¹ALTEMS - Postgraduate School of Health Economics and Management, Faculty of Economics, Catholic University of the Sacred Heart, Rome, Italy

²Institute of Economic Policy, Catholic University of the Sacred Heart, Milan, Italy

³Gastroenterology Unit, Department of Internal Medicine, San Martino University Hospital - National Cancer Research Institute, University of Genoa, Genoa, Italy

⁴Institute of Bioethics, “A. Gemelli” Faculty of Medicine, Catholic University of the Sacred Heart, Rome, Italy

⁵Internal Medicine and Gastroenterology Unit, “A. Gemelli” General Hospital, Catholic University of the Sacred Heart, Rome, Italy

⁶Technology and Clinical Engineering Assessment Unit, “A. Gemelli” General Hospital, Catholic University of the Sacred Heart, Rome, Italy

⁷Cell Therapy and Haematology Department, San Bortolo Hospital, Vicenza, Italy

⁸MA Provider Srl, Milan, Italy

Introduction: Thrombocytopenia is one of the most common complications of HCV and one of the main obstacles to possible treatment with antiviral therapy. Around 15% of patients undergoing antiviral therapy are found to be cytopenic. This complication has major repercussions on the patient's health, as it can lead to the withdrawal of antiviral therapy and hence disease progression, culminating in decompensated cirrhosis and hepatocarcinoma. Thrombocytopenic HCV patients currently have no choice but to stop interferon therapy or reduce the dose, with a consequent risk of a diminished sustained viral response (SVR).
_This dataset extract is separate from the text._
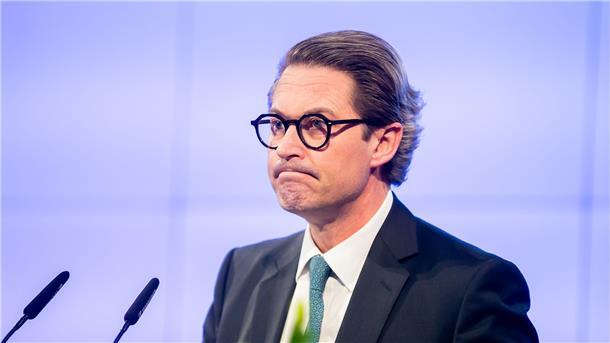 Scheuer und Baumüller-Söder sagen in Masken-Ausschuss aus Der damalige Bundesminister für Verkehr und digitale Infrastruktur Andreas Scheuer (CSU) bei einer Veranstaltung in Berlin.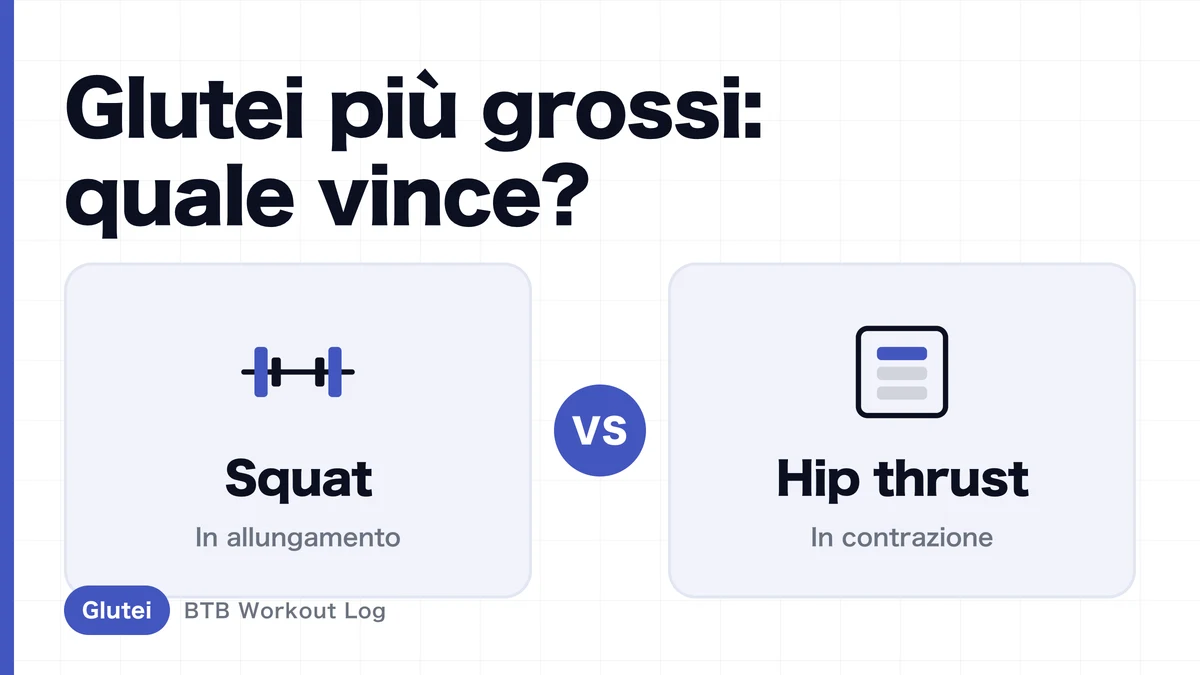 Squat o hip thrust per glutei più grandi? Confronto sull'ipertrofia muscolare del grande gluteo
Objective: This study assesses the cost-effectiveness of eltrombopag in the treatment of HCV-related thrombocytopenia.

Methods: A Markov model was constructed on the basis of the clinical trials ENABLE 1 and ENABLE 2. Three alternatives were considered: 1) Scenario 1: treatment with eltrombopag in both the enabling phase and during AVT, as in the ENABLE trial design. 2) Scenario 2: no eltrombopag treatment and no AVT. 3) Scenario 3: no eltrombopag treatment and subsequent administration of a reduced dose of peg-IFN. Low SVR results in faster disease progression and poorer quality of life. The model has a lifetime horizon with annual cycles. Both costs and benefits have been discounted at a 3% rate. Since the study was conducted under the Italian NHS perspective, only direct medical costs were accounted for. Results: Base case results demonstrate that Scenario 1 is associated with a cost per QALY of €30,020.94 in comparison with Scenario 2. The ICER reaches a value of €32,752.44 per QALY when scenario 1 is compared with scenario 3.
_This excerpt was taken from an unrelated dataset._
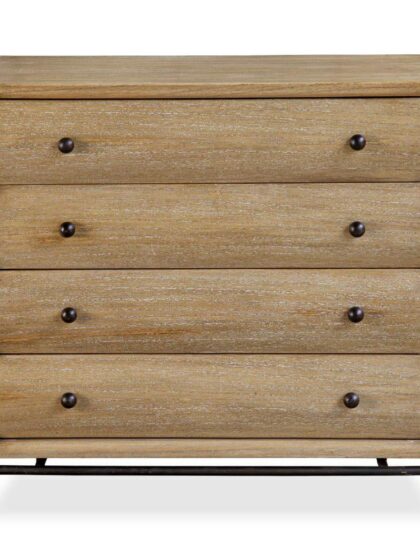 Uttermost Millard Curved 4 Drawer Chest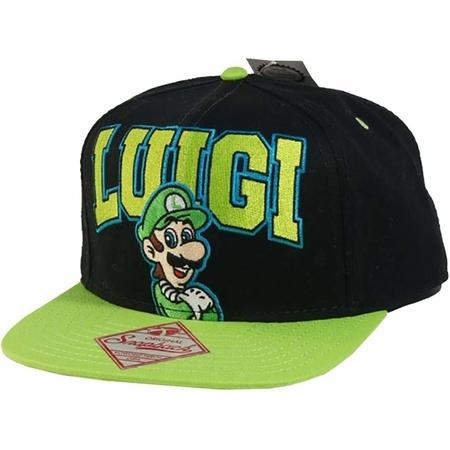 Nintendo - Black/Green Snap Back Cap Luigi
Conclusions: The use of eltrombopag in HCV patients with thrombocy-topenia is cost effective as leads to a reduction in disease progression and thus a drop in the number of patients with advanced liver disease.

Keywords: Cost-effectiveness; Economic evaluation; Markov Model.

Disclosures: The study was funded by Glaxo SmithKline. The views expressed here are those of the authors and not necessarily those of the funders.